Wednesday, December 9, 2009

North To Hanoi

I board the 7pm train out of Saigon. I have booked a "soft sleeper" ticket, meaning I will be in a berth with three other people.

I find my berth and walk into something completely unexpected. My cabin mates are a family consisting of a husband, a brother in law (I presume)  a very pregnant wife and a cute as a button four or five year old girl. Mercifully she is incredibly well behaved. None of them speak english, and I feel like an uninvited dinner guest.

To make matters worse I have the top bunk. Keep in mind that there is no bar or dining car. My options are to lay on my bunk or stand in the hallway. Thats it. The train pulls out and I feel like a kid who has been sent to his room without any supper. As the train pulls away into the darkness, its endless clacking and gentle rocking soon put me to sleep.

The next morning I wake up at 6am with the sunrise. Shortly thereafter we pull in somewhere and I dash off the train to get a coffee. With all due respect to my Italian friends, the Vietnamese make the best coffee ever, and I am deeply grateful for that.

I hop back on the train to discover that smoking is permitted pretty much everywhere. Things are picking up, I think to myself. We roll on as the sun begins to peek over the mountains. The scenery is an endless montage of ultra green rice paddies and jungle foliage. We pass by villages that appear empty. I soon deduce that this is because everyone is out working in the rice fields.

Eventually the train winds its way to the coast and I let out an audible gasp, overjoyed to see the ocean. And on we go.

I have taken to hanging out in the hallway, smoking with the rest of the bad kids. I strike up a conversation with a few young and very affable Vietnamese guys. At one point I find myself talking hockey with a Russian gentleman. I laugh at the oddity of talking hockey on a train in Northern Vietnam. Indeed, it is a small world after all.

The young girl in my berth and two other young boys have taken a shine to me. We communicate as best we can, which isn't very good at all. At one point a young man acts as interpreter, so I can actually answer a few of their questions.

Eventually we settle on a game where they come running up to me, frantically wave their hands and shout "Hello!". I reply in kind which sends them running down the hall in gales of laughter. This amuses all of us for about 45 minutes. As you can tell, there isn't much to do.

However the scenery rolling by is truly captivating and it climaxes with an ascent into the mountains, just south of Hue. Hundreds of metres below is the rocky coast,desolate with spectacular waves. I quietly thank myself for kicking my own ass onto this locomotive. This is what I came to see and all aggravation, deprivation and discomfort melts away. Simply unforgettable.

As day gives way to dusk I hunker down in my bunk once again. The train stops here and there. People get on, people get off. I wake at 4am with a strange feeling. We are stopped, and there are a lot of people getting off. Suddenly it hits me. My train does not pull into Hanoi at 4pm as I thought, it is pulling in now. I quickly gather my things and disembark.

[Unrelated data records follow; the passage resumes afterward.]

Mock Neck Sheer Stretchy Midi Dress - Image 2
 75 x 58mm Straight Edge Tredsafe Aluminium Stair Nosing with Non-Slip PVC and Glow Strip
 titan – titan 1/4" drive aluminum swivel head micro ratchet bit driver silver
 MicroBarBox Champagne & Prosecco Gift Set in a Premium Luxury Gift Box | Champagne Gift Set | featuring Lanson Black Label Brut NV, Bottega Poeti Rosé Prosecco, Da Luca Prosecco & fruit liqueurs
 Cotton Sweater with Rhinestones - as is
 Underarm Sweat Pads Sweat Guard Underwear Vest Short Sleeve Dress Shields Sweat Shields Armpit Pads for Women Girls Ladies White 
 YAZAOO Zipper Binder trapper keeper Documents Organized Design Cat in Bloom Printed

It is the middle of the night, my hotel reservation is not valid for another nine hours. I'm tired and dazed. I light up a smoke and stare out into the darkness, pondering my next move from the stillness of the train platform. The words of a wise friend pass through my mind, "still here, still alive".

I stamp out my smoke, pick up my bags and move forward into the darkness of the Hanoi night.